The LGB Society Of Mind Singapore International Festival Of Arts

72-13/ Thursday

I Am LGB is complex, clever and disarmingly charming. It is a work of performance art staggering in its scope, requiring participation from about 100 ticketholders at a time.

The four-hour experience is similar to the Real Escape series of games popular in Singapore, in which participants enter a space and can exit it only after solving a series of tests and puzzles. Participants are guided through these by an array of facilitators, as well as the creating artists.

In the Real Escape series, the point of the activity is competition and being the quickest to solve word problems. I Am LGB starts off the same, but in the end, requires more self-reflection and less skill at maths. Earlier activities are set up to encourage cooperation and also sympathy for faceless government, which must impose order on chaos. As the evening proceeds, groups are decimated and individual thinking is emphasised.

All the while, videos boom in the background, bringing in the voice of fictional artist Lan Gen Bah, whose mother was said to have created the slavish group-think model used by Mao Zedong during the Cultural Revolution in China.

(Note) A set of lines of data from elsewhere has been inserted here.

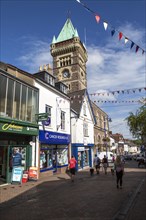 Tower of the Market Hall building, Abergavenny, Monmouthshire, South Wales, UK
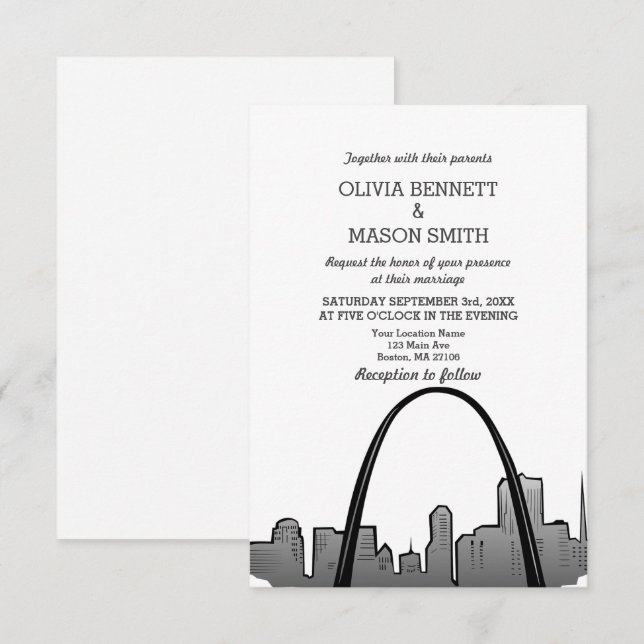 Rua Louis Casamento Convite Missouri Santo Louis (Frente/Verso)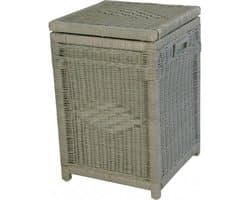 Wasmand - Pitriet - Vierkant - met deksel - 40x40xH60 - Riet - Taupe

Lan Gen Bah is the creation of American performance artist and academic Ray Langenbach, whose work is critical to the development of I Am LGB. For those in the know, the evening is peppered with references to those who defined the trajectory of performance art here, including Josef Ng, Lucy Davis and Lee Weng Choy.

Nearly 23 years ago, officialdom came down heavily on performance artists, following Ng's Brother Cane piece, in which he snipped his pubic hair at a performance with his back turned to the audience. This year, I Am LGB is created with the help of and staged by Singapore's flagship arts festival.

Josef is the name adopted by Loo Zihan, the key developer of I Am LGB and an artist whose more prominent works involve restaging important moments in the history of Singapore's arts scene.

Other members of The LGB Society Of Mind, such as Bani Haykal, Lee Mun Wai and Shawn Chua, take on the monikers of other historically important performance artists and academics.

Videos, photos and replicas of their work are made available to participants at various stages. Access to these may be easy or difficult, depending on the choices made by the participants.

Through the evening, participants are guided to think and not just consume. Asked to dance, the equally clumsy find comfort in clowning around together, for example, but what if they move beyond the traditional understanding of what constitutes dance?

The evening parallels the school system in Singapore and the rest of Asia, where uniformity, obedience and good grades are emphasised. Such qualities get one through different levels, but what is the point of it all? Is escaping the room a real escape if that means missing out on an eventual payoff from the system?

I Am LGB is a stand-out example of what performance art can accomplish if allowed scope.

It leads one to consider just why Real Escape games have become so popular in Singapore.